# amd phenom II X4 N930/ 4x2ghz oder Intel Core i5 480M / 2x2.66 GHz?



## Krabbat (16. Februar 2011)

hallo leute
ich wollte eventuell nen neues notebook kaufen und stehe nun vor der frage welchen prozessor ich zu zu der mobilen hd 5850 (1gb DDR3 vram) nehme
entweder den amd phenom II X4 N930/ 4x2ghz oder Intel Core i5 480M / 2x2.66 GHz, wobei das notebook mit dem i5 50€ mehr kostet
lohnt es sich die 50€ mehr zu investieren? beide modelle sind bis auf die cpu exakt baugleich (das ein kostet halt 699€ und das andere 749€)

schonmal danke für die hilfe
falls jemand noch was besseres für einen ähnlichen preis findet oder ähnliches günstiger wäre das auch gut
wichtig dabei ist mind ne 500gb platte und mind 17" display

und noch was: bei welchen händler sollte ich es am besten kaufen? Computronik24.de oder computeruniverse.net oder cyberport


----------



## Herbboy (16. Februar 2011)

Das ist schwer. Der Qaud kann im ein oder anderen Spiel besser sein, der gute Dualcore aber in anderen Spielen wiederum doch besser sein.

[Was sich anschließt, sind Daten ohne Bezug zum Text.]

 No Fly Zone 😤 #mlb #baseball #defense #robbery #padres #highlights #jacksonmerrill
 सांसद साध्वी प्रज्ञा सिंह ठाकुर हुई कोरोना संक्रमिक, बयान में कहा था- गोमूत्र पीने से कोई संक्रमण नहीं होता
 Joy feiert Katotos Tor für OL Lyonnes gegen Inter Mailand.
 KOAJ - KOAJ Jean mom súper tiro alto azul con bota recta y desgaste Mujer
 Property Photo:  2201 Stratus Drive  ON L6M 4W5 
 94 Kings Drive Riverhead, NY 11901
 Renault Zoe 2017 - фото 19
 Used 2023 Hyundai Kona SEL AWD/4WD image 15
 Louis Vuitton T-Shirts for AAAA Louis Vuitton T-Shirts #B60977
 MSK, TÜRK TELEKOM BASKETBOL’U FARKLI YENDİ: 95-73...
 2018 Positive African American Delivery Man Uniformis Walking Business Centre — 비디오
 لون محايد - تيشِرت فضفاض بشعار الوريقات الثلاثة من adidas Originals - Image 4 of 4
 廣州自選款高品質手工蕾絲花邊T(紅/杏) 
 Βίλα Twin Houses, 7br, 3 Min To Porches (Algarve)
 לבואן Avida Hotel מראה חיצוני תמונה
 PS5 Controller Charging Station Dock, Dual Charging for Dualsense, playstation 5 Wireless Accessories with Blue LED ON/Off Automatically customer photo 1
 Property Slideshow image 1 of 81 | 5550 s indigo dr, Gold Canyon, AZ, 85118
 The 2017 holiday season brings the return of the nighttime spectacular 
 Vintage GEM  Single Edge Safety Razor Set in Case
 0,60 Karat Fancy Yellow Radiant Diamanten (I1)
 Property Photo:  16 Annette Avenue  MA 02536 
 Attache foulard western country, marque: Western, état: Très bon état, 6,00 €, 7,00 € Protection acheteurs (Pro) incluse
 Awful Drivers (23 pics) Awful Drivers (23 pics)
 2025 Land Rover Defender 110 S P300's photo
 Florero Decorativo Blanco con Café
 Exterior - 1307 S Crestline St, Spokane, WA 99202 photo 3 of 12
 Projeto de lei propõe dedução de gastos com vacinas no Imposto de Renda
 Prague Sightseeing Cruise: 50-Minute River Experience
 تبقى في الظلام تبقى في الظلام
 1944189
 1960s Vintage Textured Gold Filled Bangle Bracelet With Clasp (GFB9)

Beim händler: cyberport soll ok sein, zu den anderen weiß ich nix.


----------



## Optikks (16. Februar 2011)

also welchen der beiden du nehmen sollst kann ich dir nicht sagen aber zumindest beim shop kann ich helfen, habe sowohl bei cyberport als auch bei computeruniverse schon bestellt und war bisher immer zufrieden mit den beiden, vom anderen hab ich noch nie gehört


----------



## Krabbat (16. Februar 2011)

hat wer funktionierende rabbatcodes für einen der drei shops?
dann wäre die entscheidung, wo ich das ding kaufe einfacher


----------



## Jan565 (16. Februar 2011)

Ich würde ganz klar den AMD nehmen. Erstens sind Quad Cores in der heutigen Zeit deutlich besser und zweitens ist er günstiger als ein überteuerter Dual Core.


----------



## Krabbat (16. Februar 2011)

aber laut notebookcheck soll der dualcore selbst bei z.b. bad company 2 leicht besser sein
und bc2 ist ja eher amd freundlich
starcraft dagegen, was ich auch spiele nutzt nur 2 kerne und ist intel freundlicher
bei ruse ist es mit der intelfreundlichkeit ebenso und bei coh und silent hunter 5 weiß ich nur, dass sie wenigstens 4 kerne unterstützen
ob mehr 50€ dafür passend sind weiß ich aber nicht
ist halt alles komliziert


----------



## Krabbat (16. Februar 2011)

und was noch hinzukommt: momentan hab ich nen notebook mit dem phenom II x4 N930 (2ghz) mit einer hd 5650
lohnt es sich da überhaupt auf ne 5850 (ddr3) umzusteigen und dafür 100€ zuzuzahlen, bzw. auf ne 5850 mit i5 480 (2,66ghz) statt dem phenom und dann 150€ zuzuzahlen?


----------



## Herbboy (17. Februar 2011)

Ja wie, kriegst Du denn sicher noch so viel für Dein "altes". Die 5850 mit GDDR3 sind zwar schneller als die 5650, aber nicht sooo viel.


----------



## Krabbat (17. Februar 2011)

ungefähre angabe
die frage ist halt ob es sich lohnt für ca 150€ von nem N930 auf nen i5 480 und gleichzeitig von ner 5650 (550mhz taktung) auf ne 5850 aufzurüsten

also der i5 war nach den tests von notebookcheck eigendlich immer schneller als der pehnom (bei spielen und darauf kommt es bei mir an)
und die 5850 ist natürlich auch schneller
nur ob der unterschied deutlich spürbar ist...


----------



## ALL_FOR_ONE (17. Februar 2011)

Dank Phenom MSR Tweaker läuft mein N930 bei 800 Mhz mit 9Watt(0,7125V) und bei 2000 Mhz(0,9625V) mit 26 Watt laut HWMonitor.Es leben die P-States.


----------



## Krabbat (18. Februar 2011)

9 watt weniger als die tdp?
das hört sich gut an
wie siehts denn mit übertakten aus? wie weit kommt man, wenn man nicht über die normale tdp von 35 watt geht?
und kann das programm den multiplikator ändern, auch wenn die cpu nicht black edition ist?


----------



## ALL_FOR_ONE (19. Februar 2011)

Multiplikator kann man zwischen 4 und 10 ändern wie man will.Übertakten geht nur über den Referenztakt,hab nur AMD Overdrive ausprobiert(funktionierte nicht).


----------